(Exercise) There are pictures in the records below; leave them out and set down exactly the lines from the one holding "Yo-Zuri 3DB Floating" through the one holding "Hailo Hailo 4310-001".

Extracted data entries
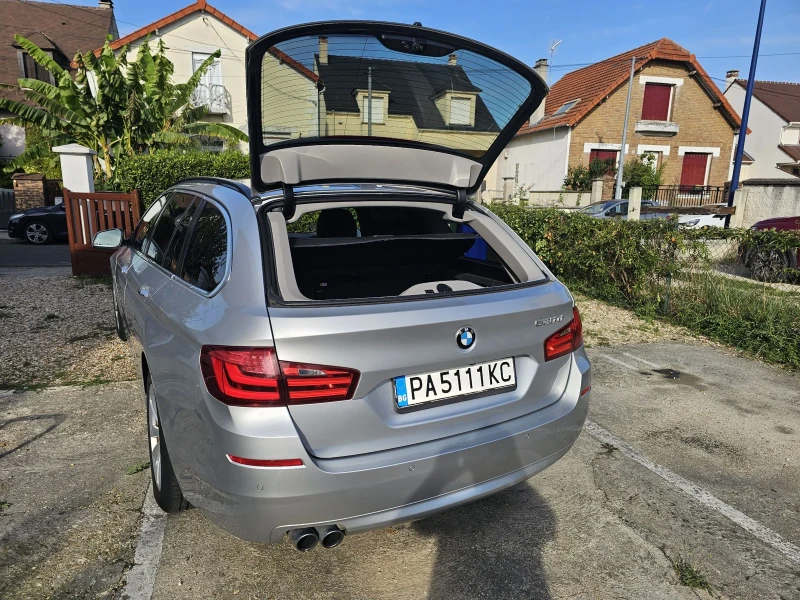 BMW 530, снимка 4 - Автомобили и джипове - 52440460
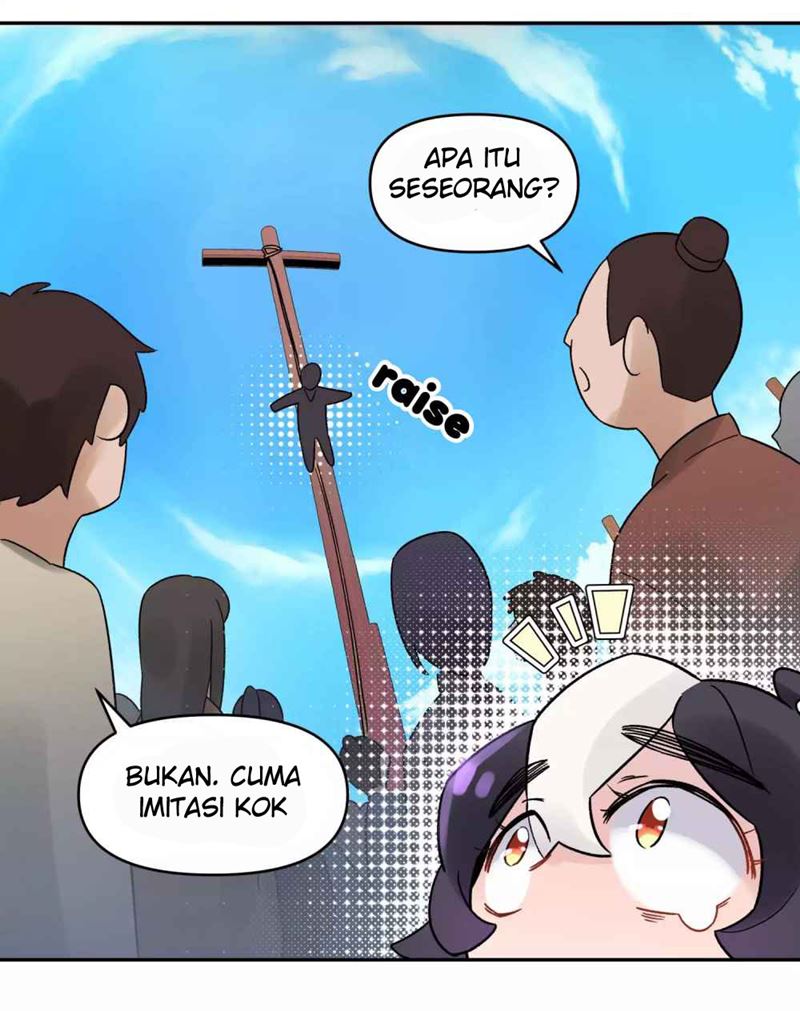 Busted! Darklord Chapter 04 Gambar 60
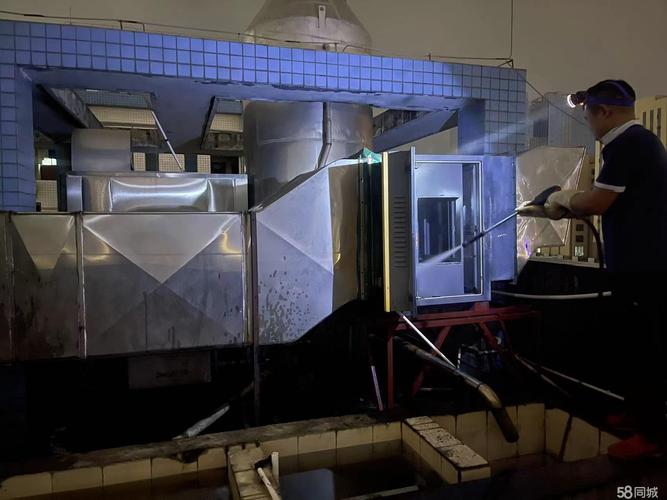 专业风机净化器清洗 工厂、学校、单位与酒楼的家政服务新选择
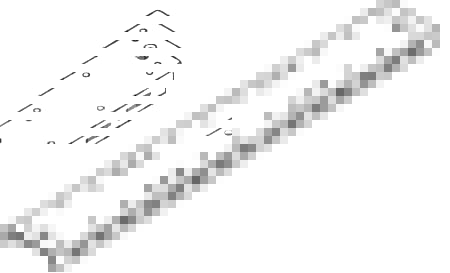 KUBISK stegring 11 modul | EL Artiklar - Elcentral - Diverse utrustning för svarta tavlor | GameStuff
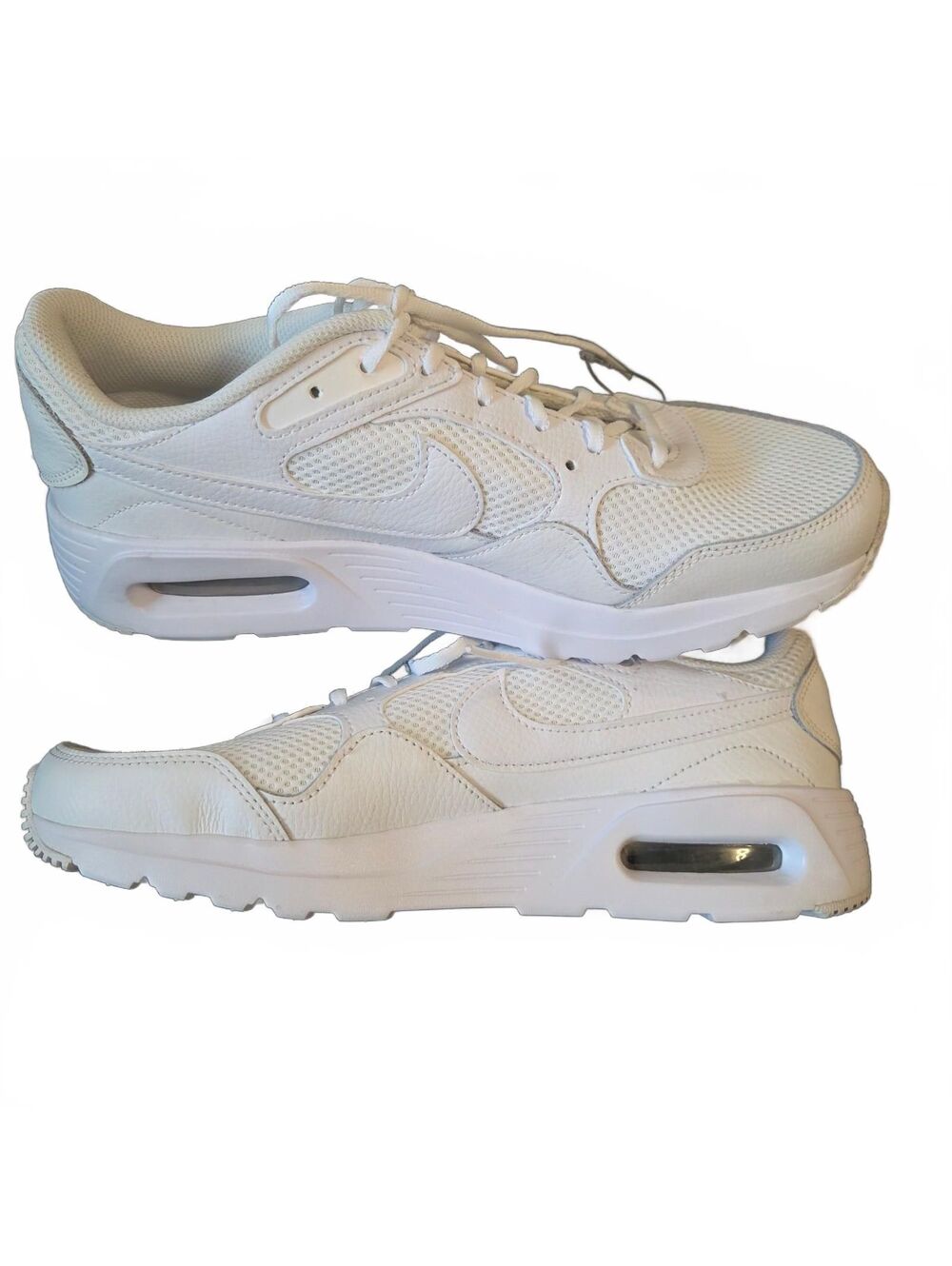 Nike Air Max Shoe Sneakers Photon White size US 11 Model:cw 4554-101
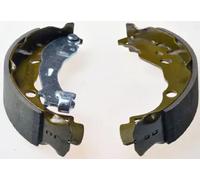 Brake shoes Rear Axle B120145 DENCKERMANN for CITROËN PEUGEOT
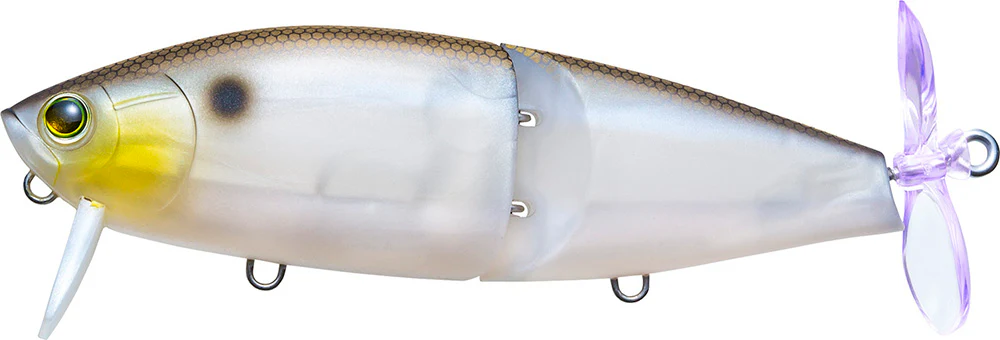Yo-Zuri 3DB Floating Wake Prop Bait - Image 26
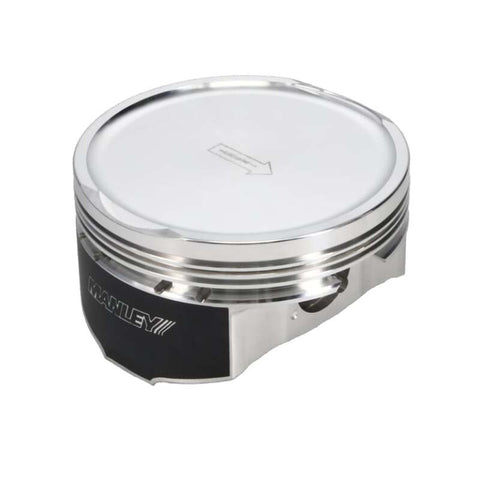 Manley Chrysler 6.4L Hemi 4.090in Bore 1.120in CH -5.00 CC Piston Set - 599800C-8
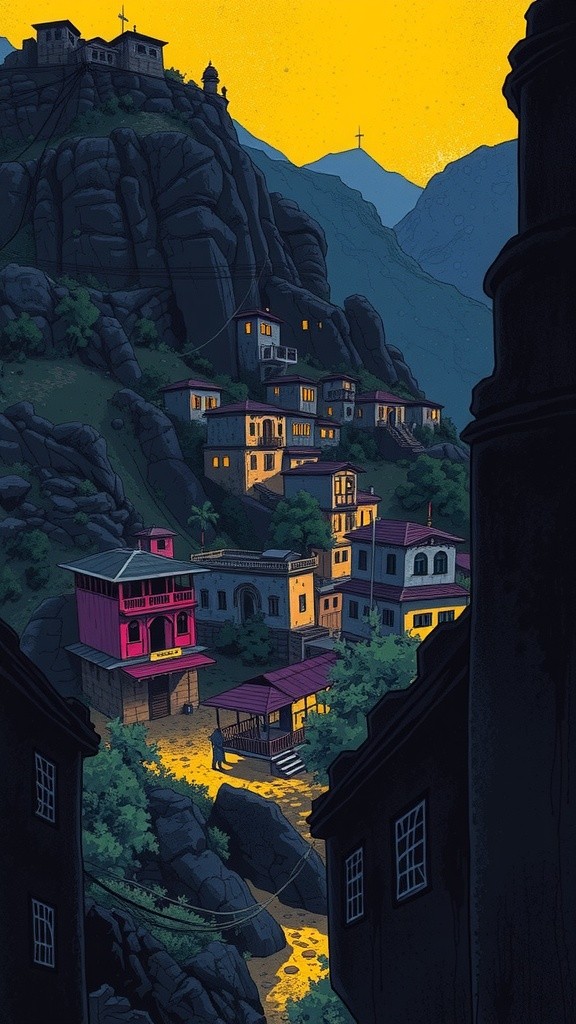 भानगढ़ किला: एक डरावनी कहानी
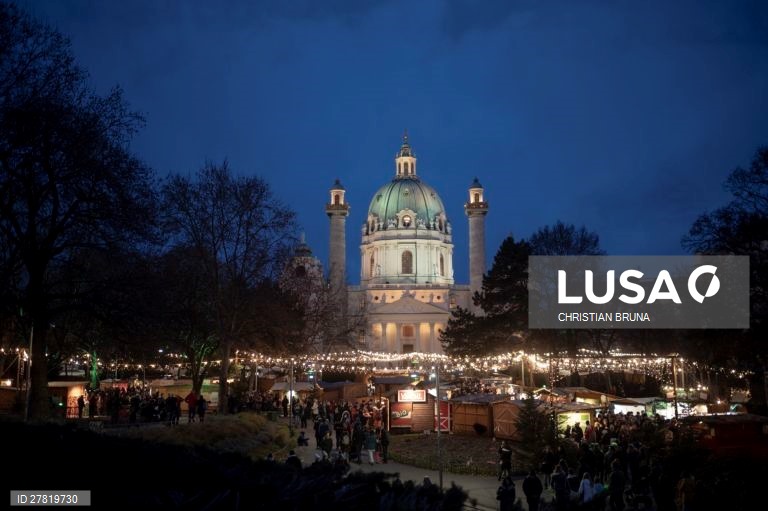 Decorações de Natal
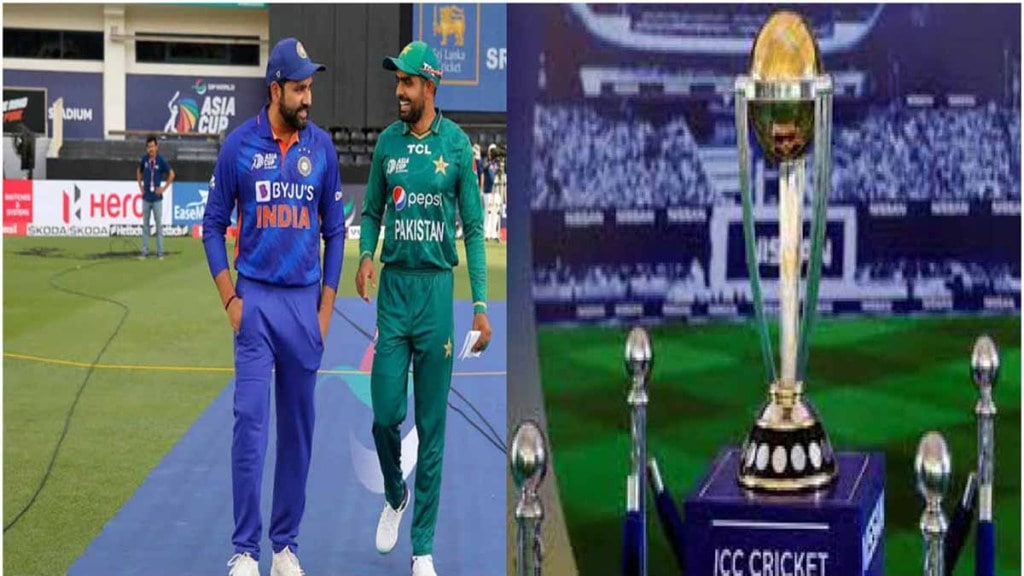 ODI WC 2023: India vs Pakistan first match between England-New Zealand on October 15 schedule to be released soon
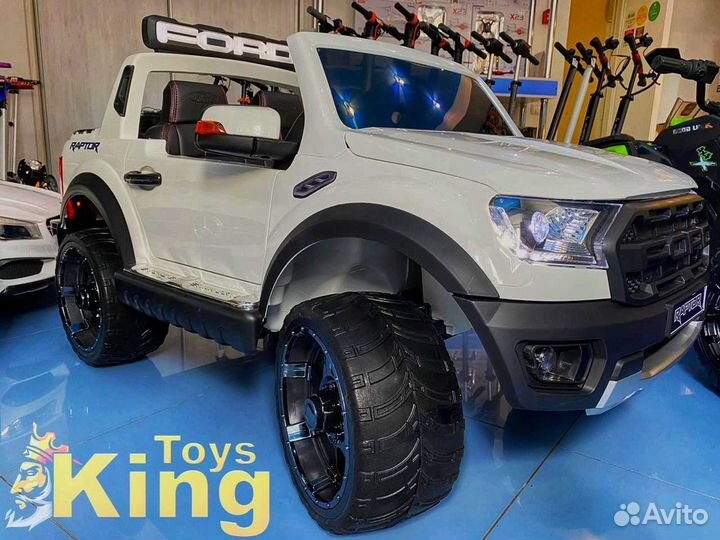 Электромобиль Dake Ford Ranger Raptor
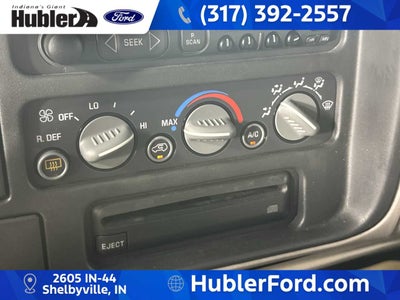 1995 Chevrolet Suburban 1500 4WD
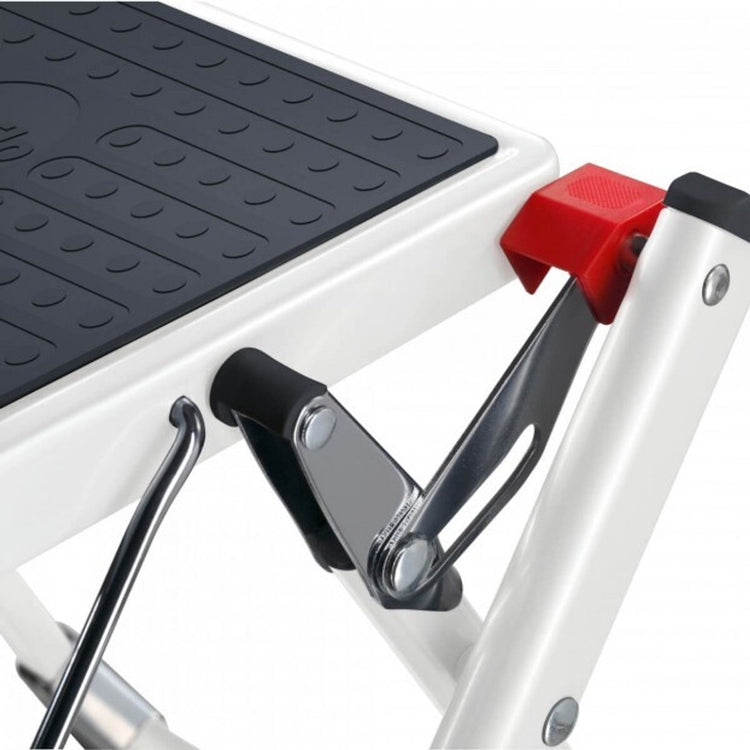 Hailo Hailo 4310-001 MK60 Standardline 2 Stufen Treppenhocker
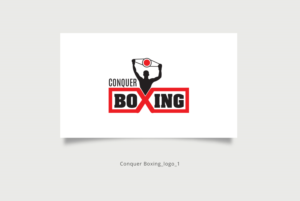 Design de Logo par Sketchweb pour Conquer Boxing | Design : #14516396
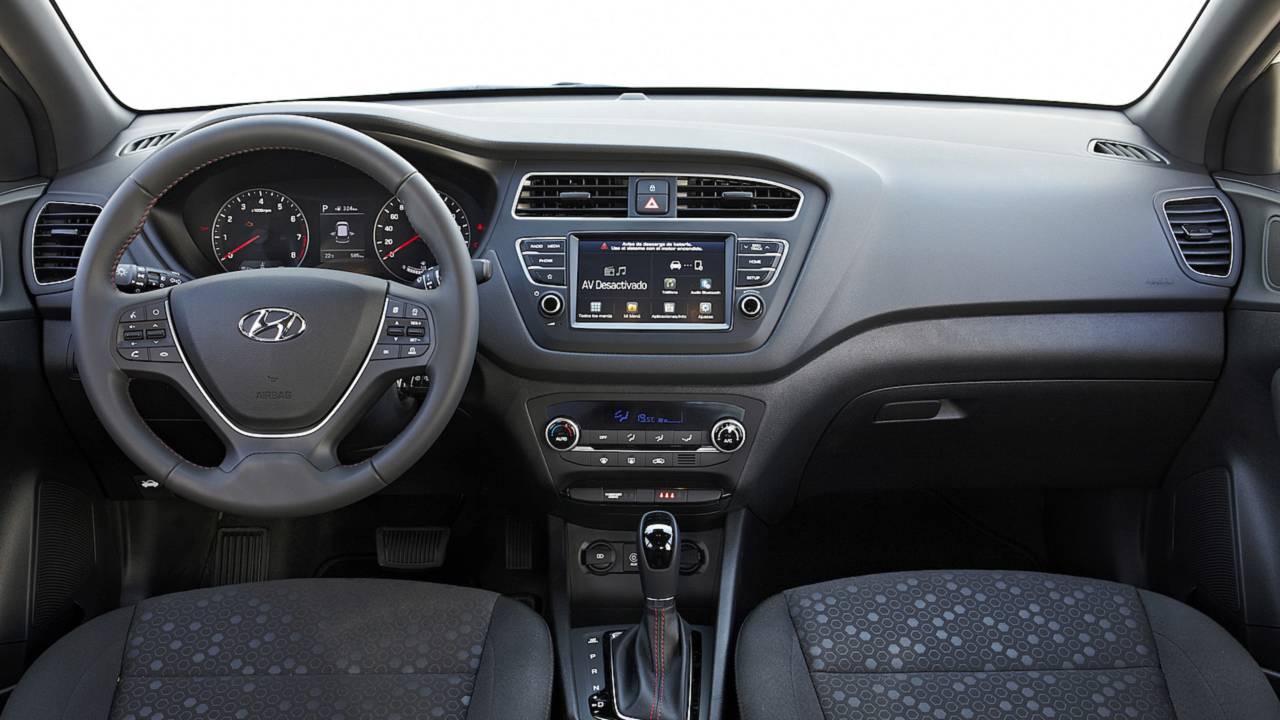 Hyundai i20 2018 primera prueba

(Written answer)
Yo-Zuri 3DB Floating Wake Prop Bait - Image 26
 Manley Chrysler 6.4L Hemi 4.090in Bore 1.120in CH -5.00 CC Piston Set - 599800C-8
 भानगढ़ किला: एक डरावनी कहानी
 Decorações de Natal
 ODI WC 2023: India vs Pakistan first match between England-New Zealand on October 15 schedule to be released soon
 Электромобиль Dake Ford Ranger Raptor
 1995 Chevrolet Suburban 1500 4WD
 Hailo Hailo 4310-001 MK60 Standardline 2 Stufen Treppenhocker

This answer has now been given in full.